In her budget vote, the Minister of Tourism, Ms Lindiwe Sisulu, emphasised the value of tourism in the economy, as it contributes 3,7% to South Africa’s gross domestic product, more than agriculture, utilities and construction.

To further illustrate its importance, she pointed out that travel and tourism is an important driver for job creation globally, in that one in 10 jobs, which amounts to 344 million, were created worldwide in the industry in 2019. Ms Sisulu said that the department plans to double South Africa’s share of the global figure in the next five years.

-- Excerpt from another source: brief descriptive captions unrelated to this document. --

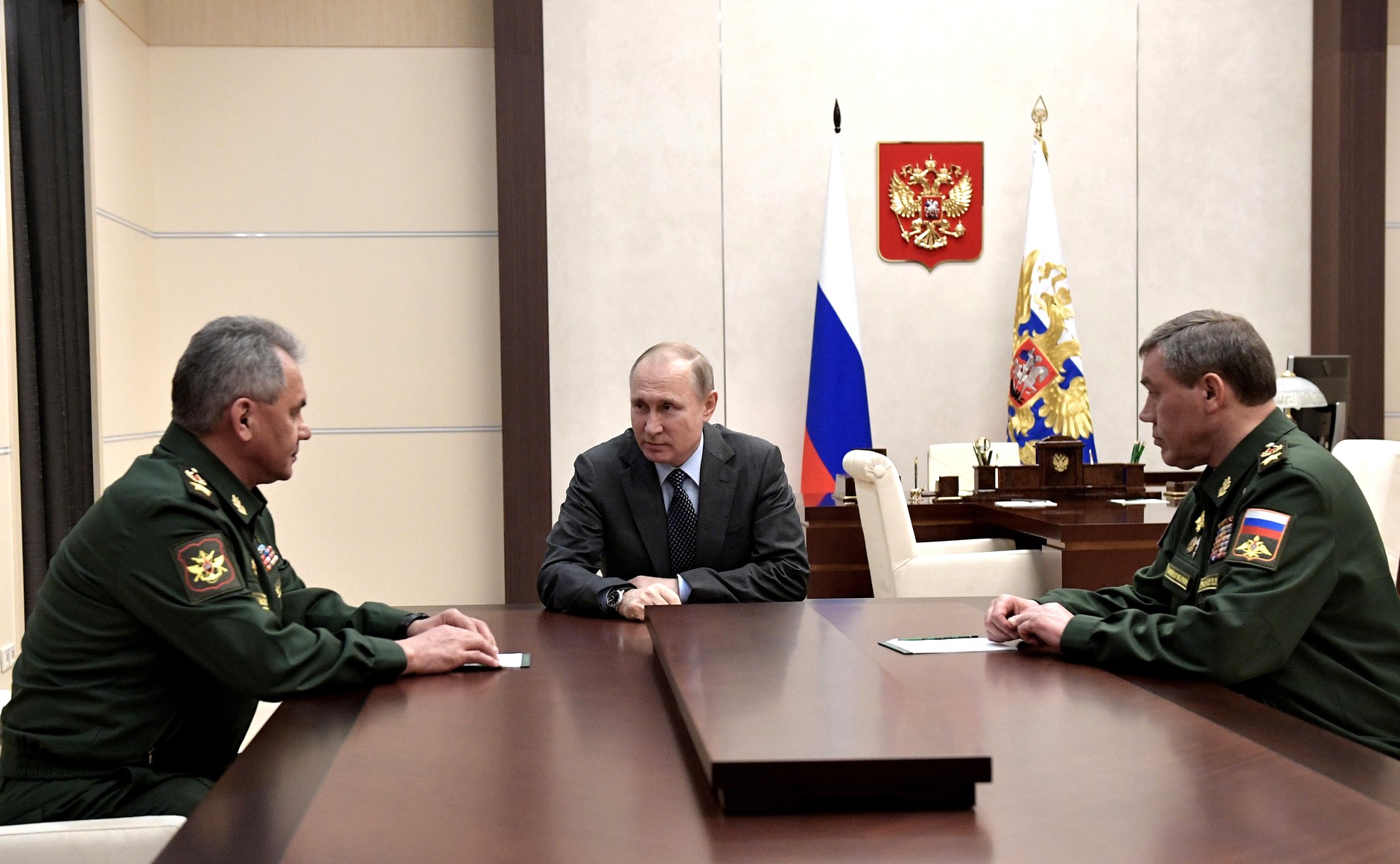 Владимир Путин проведет совещания по оборонной тематике
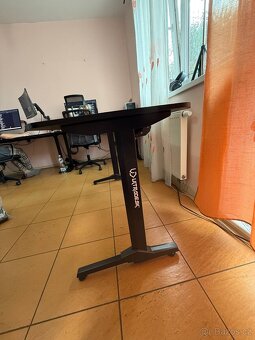 Prodám herní stůl ULTRADESK FRAG - 5
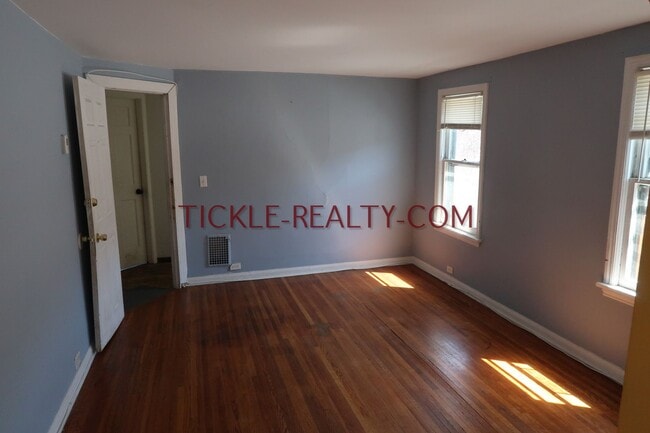 Photo - 195 Meigs St Unidad 4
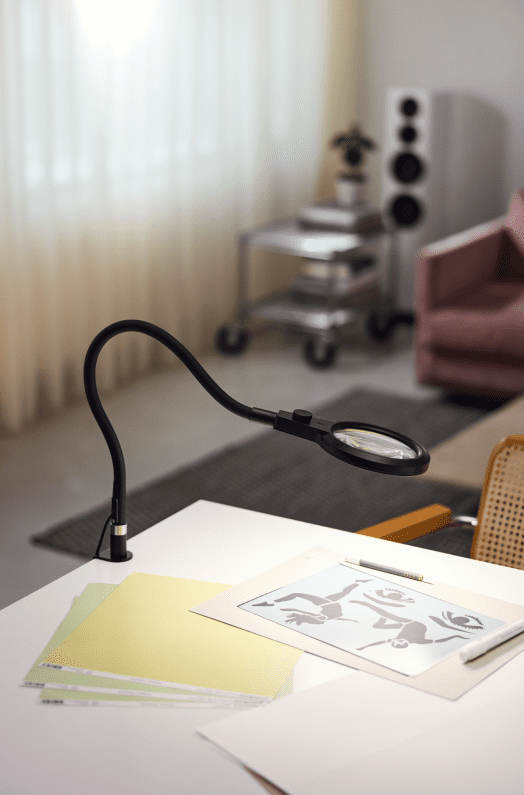 Halo Design Magni Superflex LED Bordslupp på vardagsrumsbord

She went on to quantify the impact of Covid-19. In 2020, foreign arrivals decreased by 72.6% in 2020 in comparison to 2019 (2 802 320 compared to 10 288 593 in 2019) with an estimated further decline to 2.3 million in 2021. Contribution to GDP decreased from 3.7% in 2019 to an estimated 1.3% in 2020.

The department has initiated a number of intervention to mitigate this negative impact and to increase resilience. “We have implemented projects to ensure that we protect and rejuvenate the supply and these include the publishing the Norms and Standards for Safe Operation in the Sector, as well as providing training within the sector on these.”

This includes the creation of new tourism attractions, refurbishment of existing tourism precincts, aggressive investor promotion and skills development programmes. This will be complimented by the department’s Global Advocacy Programme to promote South Africa as a tourism destination of choice.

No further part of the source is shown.